Friday, January 9, 2009

rose

Rose passed away a year ago yesterday. 
Because I was supposed to see her on the 18th of January I always think of that date as her last day on earth. I went through my busy day yesterday not really thinking of her. 

I just reread the last letter she wrote to me. I keep it in my underwear drawer with Henry's teeth, and other random, important things.   This has been my first intimate case of mourning in my life. I wish I had something wise to say. In some ways the deep sadness is just as sharp and tender as it was a year ago. Little details of life bring on waves of tears and a lump in my throat. 

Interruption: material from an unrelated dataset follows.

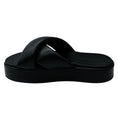 Load image into Gallery viewer, Antonelli Firenze Black Lambskin Leather Cross Strap Platform Slide Sandals
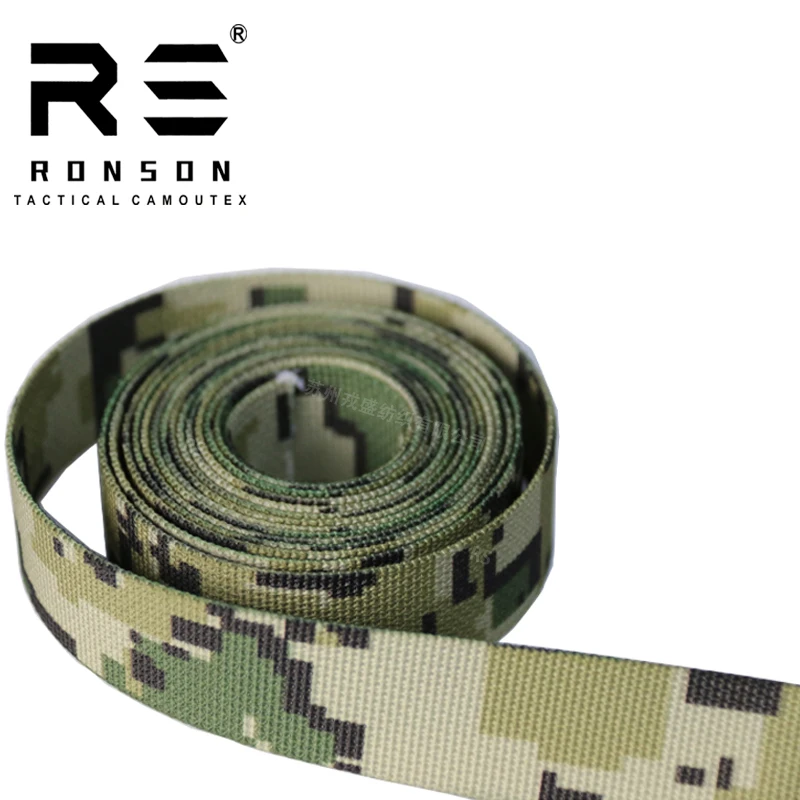 Multipurpose 2.5CM Wide Camouflage Webbing Imitation Nylon High-density Luggage Tactical Vest Accessories Polyester Webbing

Listening to Graceland on our way home from Christmas I couldn't stop crying. I remembered singing that one song that begins..." Joseph's face was black as night..." with Rose in college. We had decided to sing it a cappella for a talent show. I was so stricken with stage fright that we looked into each other's eyes the whole time and held hands. 

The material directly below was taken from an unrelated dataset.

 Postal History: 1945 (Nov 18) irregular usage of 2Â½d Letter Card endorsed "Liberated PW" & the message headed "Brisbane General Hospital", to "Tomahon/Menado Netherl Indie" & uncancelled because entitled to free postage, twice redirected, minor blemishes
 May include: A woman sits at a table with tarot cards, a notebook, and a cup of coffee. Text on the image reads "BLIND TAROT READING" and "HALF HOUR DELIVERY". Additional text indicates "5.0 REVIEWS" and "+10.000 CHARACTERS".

I still talk to her in my head, walking down the sidewalk. 

Rose's voice is strong in her last letter to me. In it she wishes that my life "will be exactly what you make of it and that you have the clarity to see the soft or violent but always subtle beauty in whatever your life becomes; to see the truth of what you have been given and the strength to, in the face of those gifts, continue to make an active choice." The last sentence in the letter is "After a while crocodile. " Always the jokester.


Into the Swing

News from N. Village...
A sunny morning off and my favorite mug (made by bro-in-law Gerard) with coffee in it, a beautiful sight. 
My healthy lunch with dressing made avec superior balsamic (thanks Amy).
Ezra's lunch, he somehow managed to eat the wrap without most of the veg., at least I have one son who eats like a mother's dream.

Henry learned to finger knit and is very proud of his new bracelet made of very scratchy wool!